*** Opening SUPPLIED MATERIAL ***

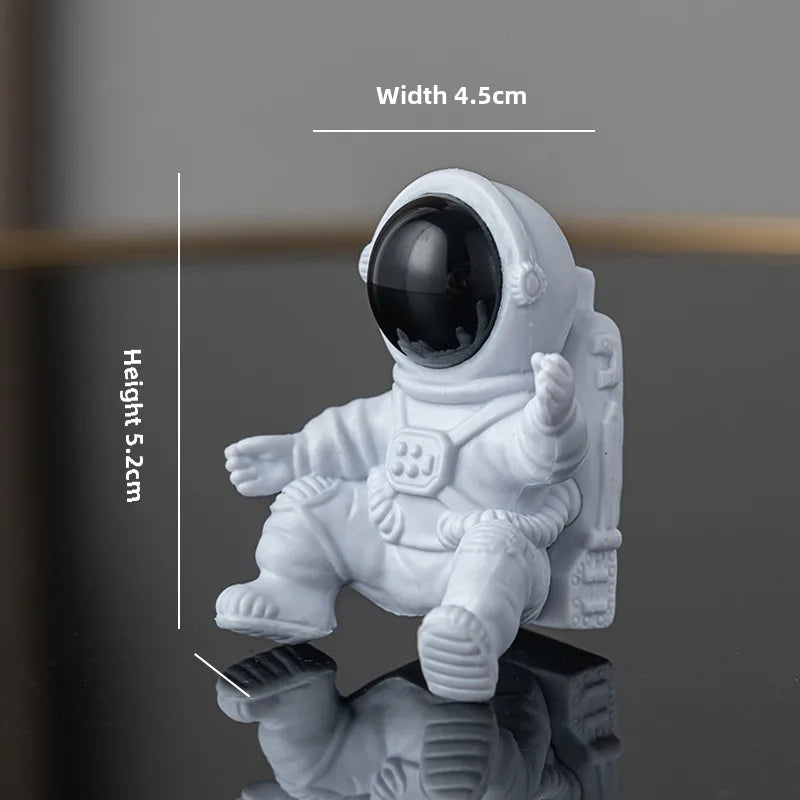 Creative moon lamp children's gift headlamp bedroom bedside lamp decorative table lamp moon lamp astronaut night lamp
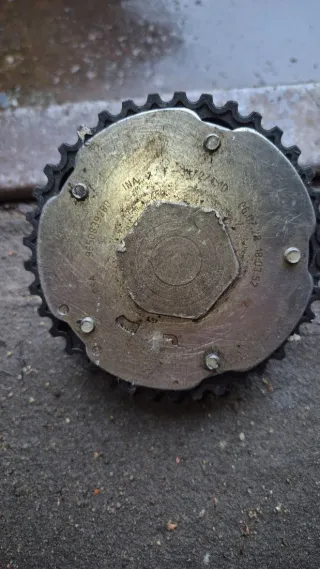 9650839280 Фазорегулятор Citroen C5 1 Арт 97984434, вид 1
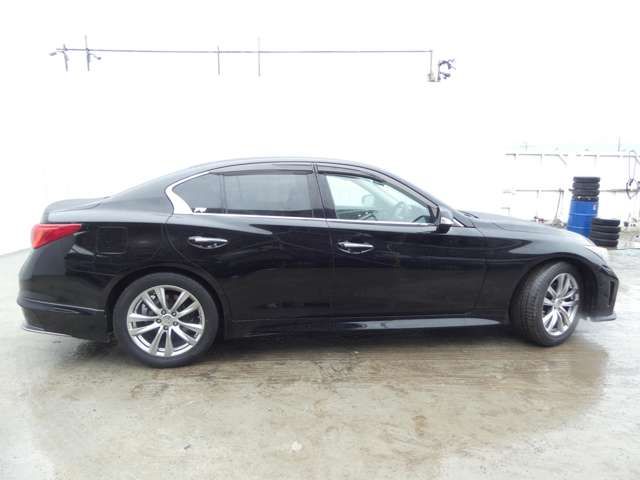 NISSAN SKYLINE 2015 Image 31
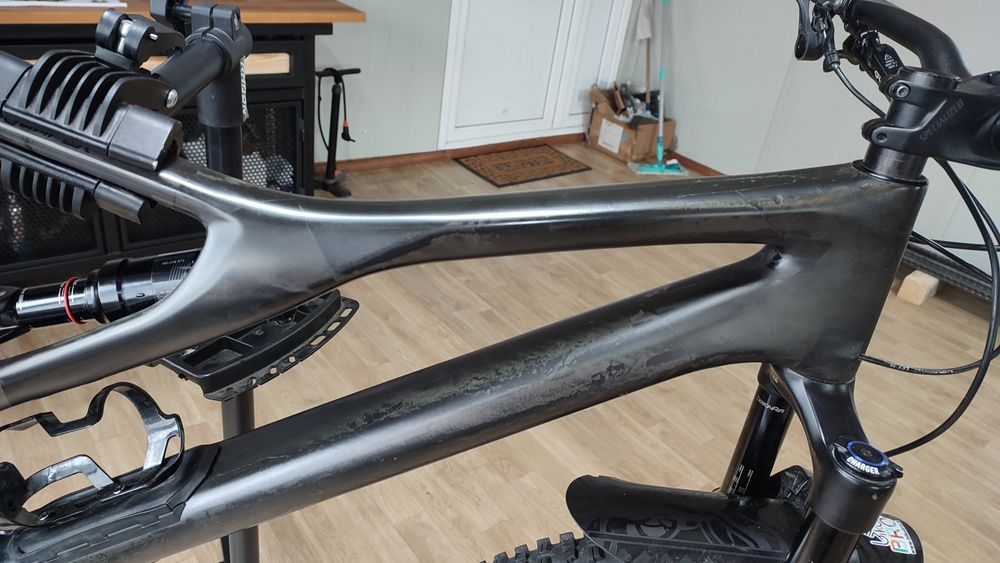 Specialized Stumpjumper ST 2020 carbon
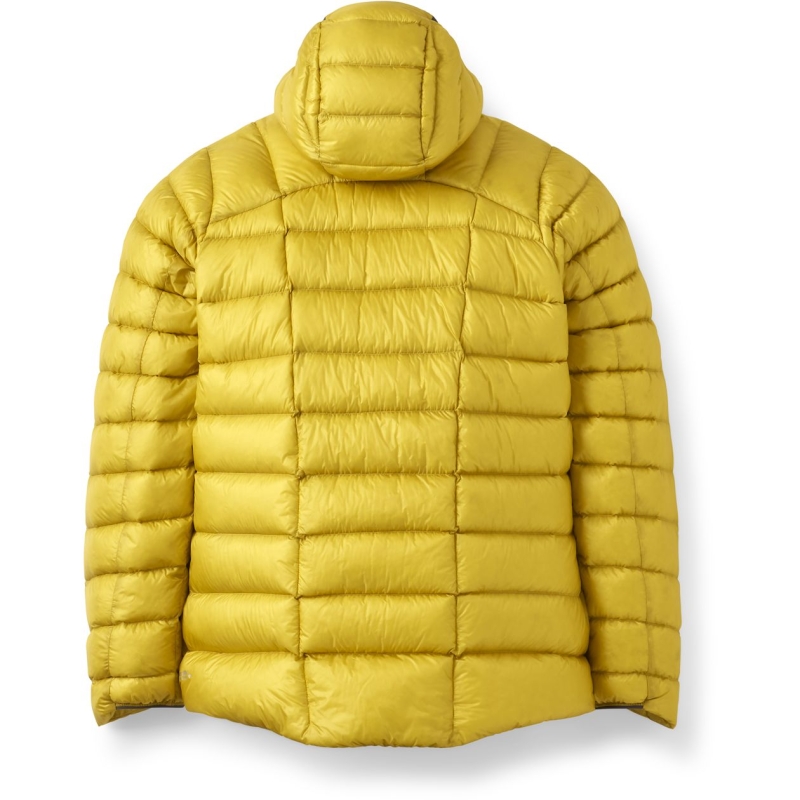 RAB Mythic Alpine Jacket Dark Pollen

*** Closing SUPPLIED MATERIAL ***

● **WHAT YOU WILL DO**: The result should be an exact retyped version of all the entries above, containing no pictures.

● **TASK OUTPUT**:
 Creative moon lamp children's gift headlamp bedroom bedside lamp decorative table lamp moon lamp astronaut night lamp
 9650839280 Фазорегулятор Citroen C5 1 Арт 97984434, вид 1
 NISSAN SKYLINE 2015 Image 31
 Specialized Stumpjumper ST 2020 carbon
 RAB Mythic Alpine Jacket Dark Pollen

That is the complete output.